New London firefighter/emergency medical technician Thomas Feliciano testified that he was escorted to the bedroom to observe Murphy, and after he described her appearance to an emergency room doctor, she was pronounced dead. Detective Sgt. Lawrence M. Keating testified that he instructed officers not to touch anything in the home, put up crime scene tape and posted an officer in the back of the house as the investigation got underway.
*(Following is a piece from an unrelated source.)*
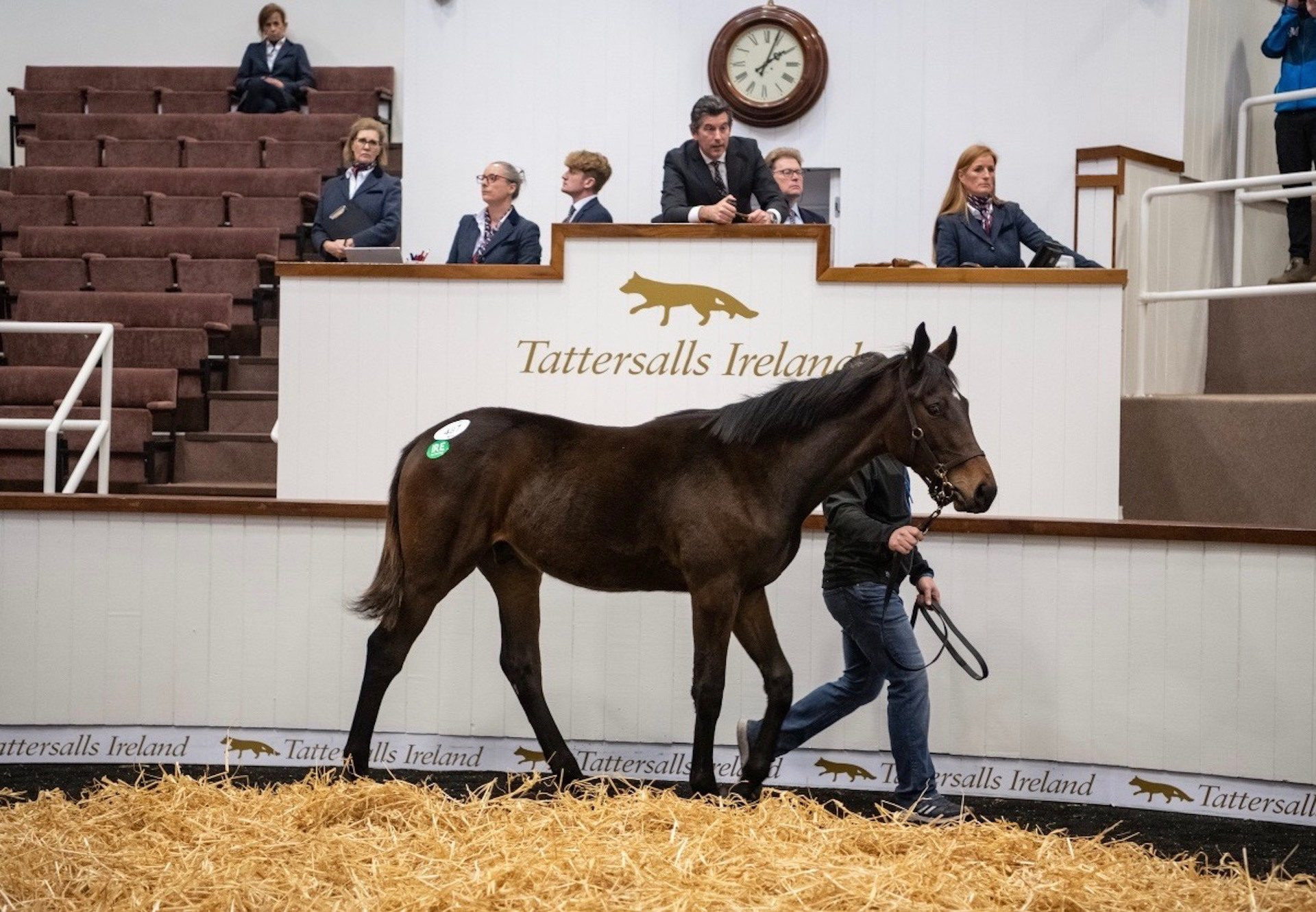 Walk In The Park Colt Leads Strong Trade at Tattersalls Ireland November NH Sale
Detective Richard Curcuro testified that after McKeever was brought from the hospital to police headquarters, he was quiet and cooperative as he underwent a body survey that revealed abrasions about the body and bruising on the back of an arm. Curcuro and detective Chris Kramer began an interview of McKeever in a third floor conference room and read him his rights, but that they stopped when McKeever decided he didn't want to talk. A short time later, McKeever, then in a holding cell on the bottom floor, said he wanted to talk to detectives. He was brought back upstairs, but that interview didn't go forward either, Curcuro testified.

Kramer testified that the next day, he and Keating met with the owner of a package store in Hodges Square and retrieved a video recording showing Murphy making a purchase at 1:46 p.m. on the previous Friday. It may have been the last time she was seen alive outside of her home.

Sarika Patel, operator of a Williams Street package store, testified that McKeever went into the store twice that following Wednesday, using Murphy's card to make purchases. He told her Murphy was home sleeping, she said, and as he left the second time he hugged her husband and thanked them for always helping him. He never did that before, she said.